Eastern Shoshone and Northern Arapaho Tribes v. United States. On behalf of the Northern Arapaho Tribe, which shares the Wind River Indian Reservation with the Eastern Shoshone, we have pursued breach of trust claims against the United States for mismanagement of tribal trust assets and funds before the United States Court of Federal Claims, the Federal Circuit Court of Appeals, and the United States Supreme Court. Thus far, the tribes have recovered almost $60 million, and several phases of the complex case remain pending.


Spirit Cave Human Remains. We have represented the Fallon-Paiute Shoshone Tribe in administrative agency and federal court proceedings in an effort to repatriate human remains and associated funerary objects that are 9,500 years old. The federal district court ruled that the involved federal agency had acted in an arbitrary and capricious manner when it denied the Tribe’s repatriation claim, and ordered that the agency issue a new decision.


Moapa Band of Paiute Indians Water Rights Agreements. We represented the Moapa Band of Paiutes in multiple complex water rights proceedings involving the Las Vegas Valley Water District and other Nevada water users, and negotiated a series of agreements to secure a fair share of the limited surface and groundwater rights available in one of the driest regions in the country.


Makah Tribe’s Treaty Whaling Rights. We have represented the Makah Tribe since 1995 in its efforts to resume exercise of its treaty whaling rights. We were successful in obtaining an aboriginal subsistence whaling quota from the International Whaling Commission, and are defending the Tribe in two major federal court lawsuits challenging the Federal government’s approval of the hunt. We are now helping the Tribe participate in an administrative process to obtain a waiver from the Marine Mammal Protection Act’s prohibition on the taking of marine mammals.


Coal Bed Methane Development in Southeastern Montana.
We represent the Northern Cheyenne Tribe in ongoing efforts to protect natural and cultural resources from the adverse effects of off-Reservation coal bed methane development.
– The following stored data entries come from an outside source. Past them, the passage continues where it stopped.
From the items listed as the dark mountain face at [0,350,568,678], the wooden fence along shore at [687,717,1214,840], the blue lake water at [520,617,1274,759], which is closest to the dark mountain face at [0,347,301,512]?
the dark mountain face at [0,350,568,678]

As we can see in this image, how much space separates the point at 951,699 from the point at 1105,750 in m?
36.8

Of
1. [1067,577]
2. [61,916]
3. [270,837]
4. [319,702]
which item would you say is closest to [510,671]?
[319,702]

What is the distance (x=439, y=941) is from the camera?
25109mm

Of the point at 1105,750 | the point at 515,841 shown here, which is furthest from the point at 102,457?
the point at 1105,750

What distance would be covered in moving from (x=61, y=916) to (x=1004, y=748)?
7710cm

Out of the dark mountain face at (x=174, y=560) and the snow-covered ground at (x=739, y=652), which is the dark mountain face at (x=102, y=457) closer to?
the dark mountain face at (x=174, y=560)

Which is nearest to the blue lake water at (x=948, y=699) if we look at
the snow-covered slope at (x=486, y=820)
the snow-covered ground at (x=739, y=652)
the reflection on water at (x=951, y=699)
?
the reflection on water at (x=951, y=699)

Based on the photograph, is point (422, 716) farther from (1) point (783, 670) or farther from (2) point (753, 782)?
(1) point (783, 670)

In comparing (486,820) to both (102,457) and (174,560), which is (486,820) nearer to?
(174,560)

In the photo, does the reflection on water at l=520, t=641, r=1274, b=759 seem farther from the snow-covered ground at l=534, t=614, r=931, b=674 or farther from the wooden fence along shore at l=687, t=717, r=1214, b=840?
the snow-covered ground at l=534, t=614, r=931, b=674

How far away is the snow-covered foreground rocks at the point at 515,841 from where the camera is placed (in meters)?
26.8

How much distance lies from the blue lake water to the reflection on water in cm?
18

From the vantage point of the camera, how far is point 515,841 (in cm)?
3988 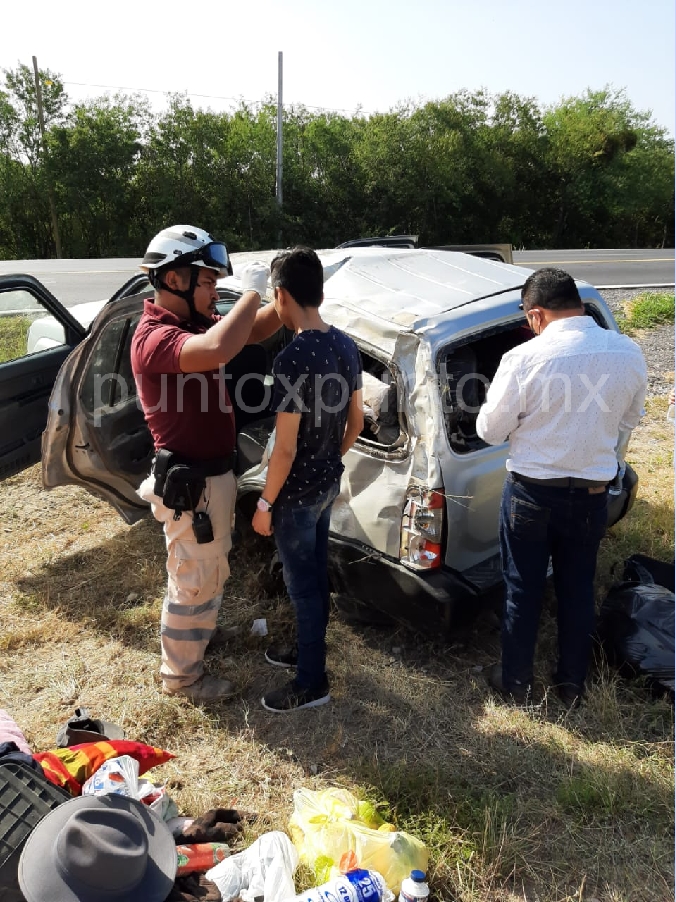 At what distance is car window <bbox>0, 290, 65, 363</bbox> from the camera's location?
4590 mm

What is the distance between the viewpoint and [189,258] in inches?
113

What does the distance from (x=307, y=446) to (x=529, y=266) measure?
18.0 m

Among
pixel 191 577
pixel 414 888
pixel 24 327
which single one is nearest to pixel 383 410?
pixel 191 577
These efforts have included successful federal court litigation challenging the Bureau of Land Management’s approval of full-field coal bed methane development surrounding the Reservation and enforcing Section 106 of the National Historic Preservation Act. We also represent the Tribe before the Montana Supreme Court in a challenge to the State of Montana’s issuance of water discharge permits to the CBM industry in violation of the federal Clean Water Act.


Washington Water Rights Law. We represent the Makah Tribe and coordinate briefing for several other Northwest treaty tribes in a challenge to the State of Washington’s 2003 Municipal Water Law. The case is currently pending before the Washington Supreme Court after the tribes and conservation groups won a trial court decision invalidating major components of the law which retroactively expands water rights for new residential development at the expense of the vested rights of Indian tribes and others.
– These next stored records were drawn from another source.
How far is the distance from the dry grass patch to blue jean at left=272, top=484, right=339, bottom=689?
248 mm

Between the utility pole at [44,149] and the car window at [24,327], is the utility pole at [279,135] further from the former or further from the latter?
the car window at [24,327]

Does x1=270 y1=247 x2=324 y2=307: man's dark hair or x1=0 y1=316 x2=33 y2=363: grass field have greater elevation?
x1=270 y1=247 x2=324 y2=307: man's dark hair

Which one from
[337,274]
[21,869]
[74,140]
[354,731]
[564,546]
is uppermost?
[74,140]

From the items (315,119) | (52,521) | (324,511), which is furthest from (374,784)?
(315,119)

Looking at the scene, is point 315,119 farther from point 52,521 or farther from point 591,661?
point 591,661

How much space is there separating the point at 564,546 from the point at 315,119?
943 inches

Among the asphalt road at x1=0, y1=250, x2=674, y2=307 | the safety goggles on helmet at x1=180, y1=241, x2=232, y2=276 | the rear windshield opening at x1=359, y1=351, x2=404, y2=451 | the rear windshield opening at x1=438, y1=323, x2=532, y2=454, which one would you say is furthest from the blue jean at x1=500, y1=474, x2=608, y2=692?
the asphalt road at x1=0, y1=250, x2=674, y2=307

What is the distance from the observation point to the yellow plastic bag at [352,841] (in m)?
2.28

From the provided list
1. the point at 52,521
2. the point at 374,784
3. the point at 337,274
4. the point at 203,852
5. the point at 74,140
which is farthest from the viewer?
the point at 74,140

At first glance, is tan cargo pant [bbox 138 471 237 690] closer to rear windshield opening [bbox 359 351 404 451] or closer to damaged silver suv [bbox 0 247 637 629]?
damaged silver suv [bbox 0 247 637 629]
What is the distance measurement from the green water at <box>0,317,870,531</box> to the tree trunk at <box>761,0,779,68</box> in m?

Hollowbreast v. Northern Cheyenne. We represented the Northern Cheyenne Tribe in U.S. Supreme Court proceedings in which the Court confirmed the Tribe's ownership of oil, gas, coal and other mineral deposits lying beneath the surface of the Reservation, as well as the power of the Tribal Council to control those deposits for the benefit of all Tribal members. The decision unanimously reversed an adverse Ninth Circuit Court of Appeals decision.
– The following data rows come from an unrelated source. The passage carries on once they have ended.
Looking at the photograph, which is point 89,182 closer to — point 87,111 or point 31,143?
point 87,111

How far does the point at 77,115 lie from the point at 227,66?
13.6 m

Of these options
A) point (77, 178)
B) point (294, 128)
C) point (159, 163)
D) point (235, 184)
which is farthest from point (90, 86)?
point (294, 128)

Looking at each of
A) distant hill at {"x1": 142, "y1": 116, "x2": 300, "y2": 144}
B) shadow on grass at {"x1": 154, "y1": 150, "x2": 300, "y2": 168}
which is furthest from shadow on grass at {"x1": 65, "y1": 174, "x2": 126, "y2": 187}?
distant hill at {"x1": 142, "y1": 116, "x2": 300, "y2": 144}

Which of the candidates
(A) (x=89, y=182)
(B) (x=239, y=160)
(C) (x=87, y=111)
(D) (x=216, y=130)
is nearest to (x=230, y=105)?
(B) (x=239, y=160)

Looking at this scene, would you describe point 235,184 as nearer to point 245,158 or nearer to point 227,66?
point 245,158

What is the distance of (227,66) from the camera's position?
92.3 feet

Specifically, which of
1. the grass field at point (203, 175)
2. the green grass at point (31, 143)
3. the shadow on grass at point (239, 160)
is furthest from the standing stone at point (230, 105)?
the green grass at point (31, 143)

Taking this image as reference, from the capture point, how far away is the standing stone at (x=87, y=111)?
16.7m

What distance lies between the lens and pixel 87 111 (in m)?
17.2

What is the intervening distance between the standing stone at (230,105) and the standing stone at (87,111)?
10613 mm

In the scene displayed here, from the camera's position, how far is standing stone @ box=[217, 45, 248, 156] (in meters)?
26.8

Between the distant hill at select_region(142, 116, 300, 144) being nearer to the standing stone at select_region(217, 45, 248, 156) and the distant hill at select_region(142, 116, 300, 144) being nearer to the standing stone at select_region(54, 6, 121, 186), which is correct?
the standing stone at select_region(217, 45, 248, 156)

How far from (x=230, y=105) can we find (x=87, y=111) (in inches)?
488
Colville Mount Tolman Project. The firm was principal attorney to the Colville Confederated Tribes in connection with the agreements for the Mount Tolman Project, a world-class molybdenum and copper open-pit mine to be developed on the Colville Reservation. We played a pivotal role in the consummation of an exploration agreement which provided for major exploration payments to the Tribes and development expenditures by the operator, as well as other features of unique benefit to the Tribes. Thereafter, we played a similar role in negotiating a mining agreement which provided unprecedented financial returns to the Tribes, rights of tribal participation, and monitoring and accountability of operator activities and transactions.